The judge said CSLI gathered more data than putting a GPS tracker on a car, and the Supreme Court ruled in 2012 that law enforcement couldn't do that because of the Fourth Amendment. In 2014, the court unanimously ruled in Riley v. California (pdf) that law enforcement couldn’t search a cellphone without a warrant.
Still, reasonable people disagree and this issue looks like it’s headed for the Supreme Court. A divided 11th Circuit Court of Appeals went the other way (pdf) in May, overturning its own three-judge panel’s unanimous ruling that cited the 2012 Scotus decision.
The 11th Circuit majority cited the 1978 Supreme Court decision, Smith v. Maryland, which let law enforcement access phone meta data possessed by a business. But they said they would have voted the same way even without Smith because cops looking for criminal suspects trumps a diminished, not absolute, right to privacy.

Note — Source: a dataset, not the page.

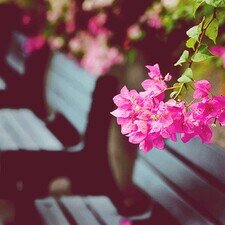 ‏‏‏الفكره تقريبا معروفه - ارسل كلام بالدي ام مع اكاونت الشخص اللي تبي ترسل له - و بأمانه ماراح يطلع مين المرسل ♥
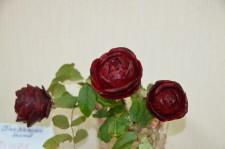 Усадьба урожай клуб садоводов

Judge Koh gave a shoutout to California law when explaining “society’s expectation of privacy in historical CSLI.” She noted that state law doesn’t directly apply to a federal case, but it does count. California has made the police get a warrant for phone records for three decades, and the “high courts of Florida, Massachusetts and New Jersey have all recognized a reasonable expectation of privacy in CSLI.”
Six other states—Colorado, Maine, Minnesota, Montana, Tennessee and Utah—have legislated a warrant requirement. At least six other states—Illinois, Indiana, Maryland, Virginia, Washington and Wisconsin—passed laws requiring that police get warrants to track a cellphone in real time.